Condamnations criminelles

[15]           Le demandeur réitère à maintes reprises dans son mémoire qu’il n’est pas coupable des accusations criminelles qui ont été portées contre lui. Il prétend avoir simplement été au mauvais endroit au mauvais moment et blâme son ancien avocat de lui avoir mal conseillé de plaider coupable aux accusations.

 

[16]           D’abord, les allégations d’innocence du demandeur ainsi que les accusations graves contre son avocat ne sont même pas étayées par son propre affidavit, qui est d’ailleurs complètement silencieux sur ces points-clés.
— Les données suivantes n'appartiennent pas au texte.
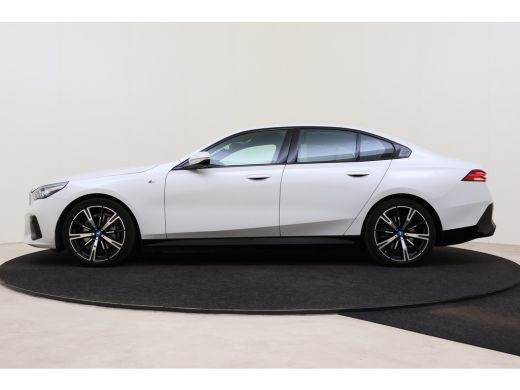 BMW i5 eDrive40 M Sport / Stoelventilatie / Bowers & Wilkins / M Sportonderstel / Comfort Access / Adapt... ActivLease financial lease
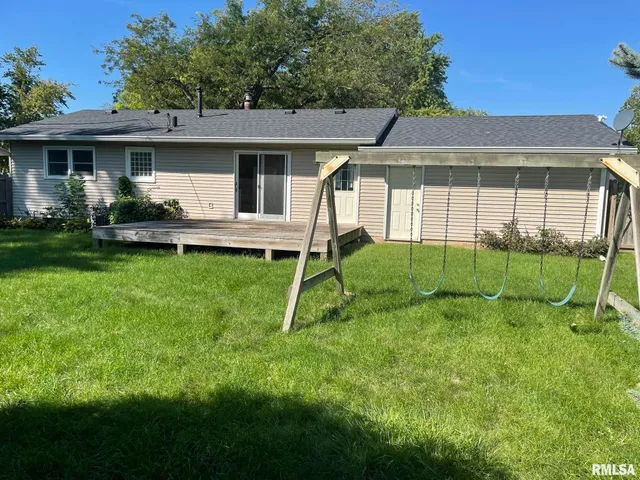 $2,100 | 4625 Candlelight Drive, Davenport, IA 52806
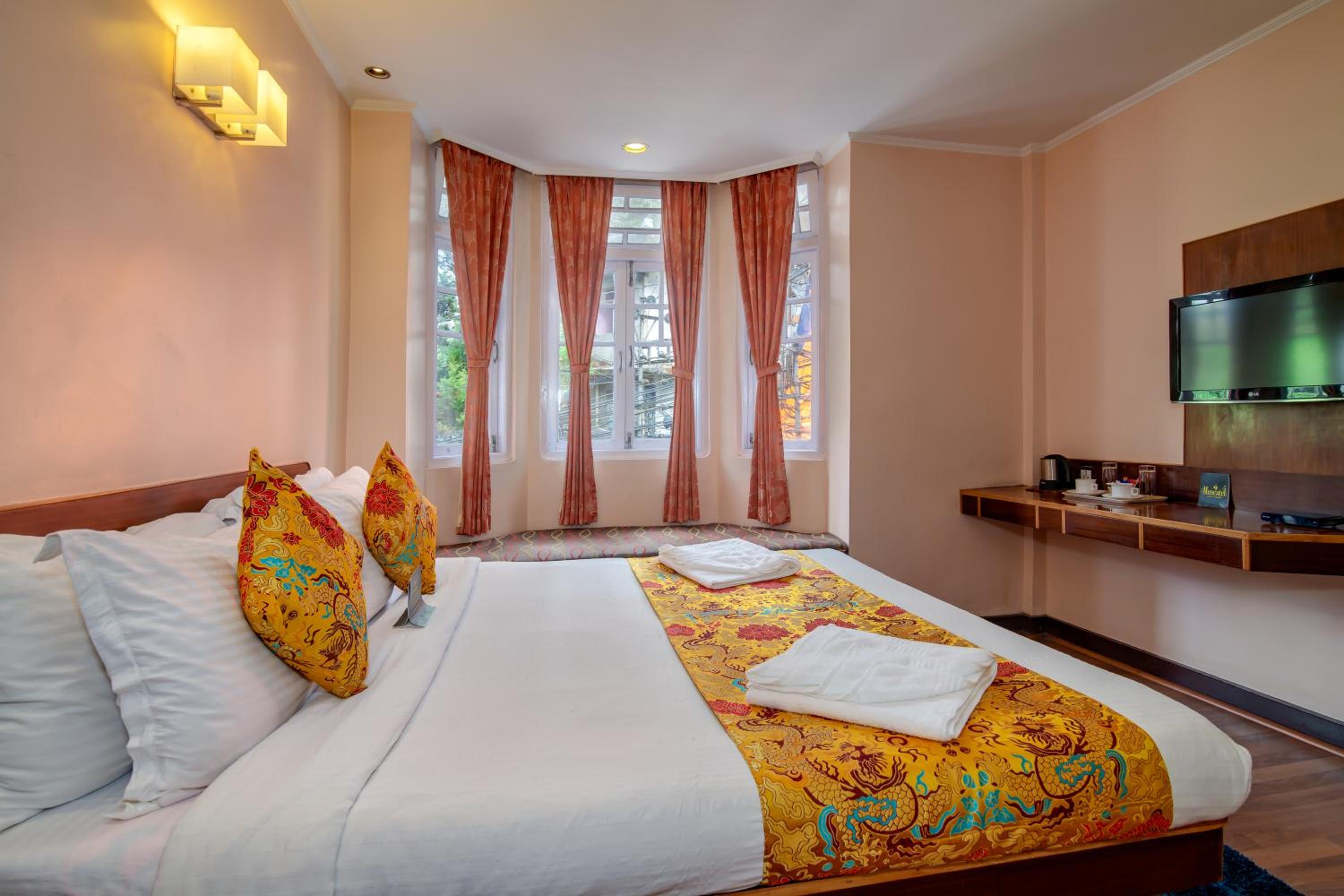 Deluxe Double Room - Photo 11
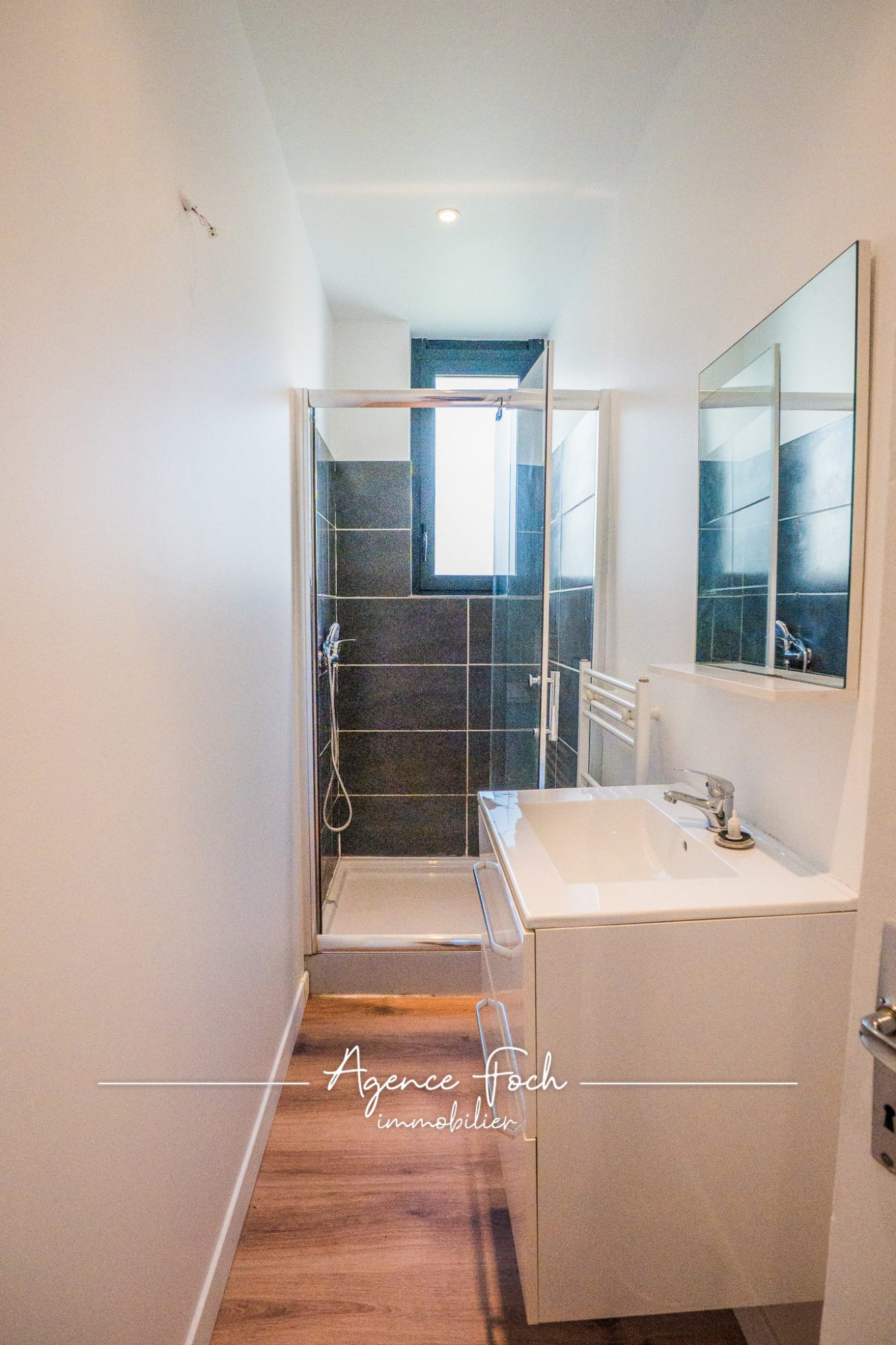 APPARTEMENT T2 AVEC GARAGE ET PLACE DE PARKING 7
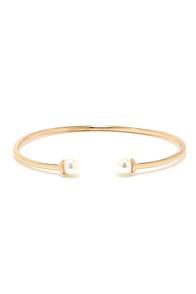Lulu*s Falling With Style Gold And Pearl Bracelet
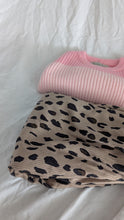 Load image into Gallery viewer, Leopard spotted slouchies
Il en est ainsi pour plusieurs autres allégations qui se trouvent dans son mémoire, notamment sa version des événements qui a mené à son arrestation et à sa condamnation (Affidavit d’Ernst Saint Jean du 14 mai 2009, Dossier du demandeur (DD) à lap. 32).

 

[17]           En ce qui concerne les allégations diffamatoires contre son ancien avocat (DD à la p. 59, par. 12), il est à noter que le demandeur ne présente aucune preuve qu’une plainte aurait été déposée contre cet avocat auprès du Barreau.

 

[18]           En l’espèce, la preuve sur les accusations au criminel a été faite devant le propre tribunal, preuve que la présente Cour n’a pas devant elle. Le demandeur a plaidé coupable à ces accusations et a été condamné (Ordonnance de peine du 29 août 2009 : DD à la p. 32).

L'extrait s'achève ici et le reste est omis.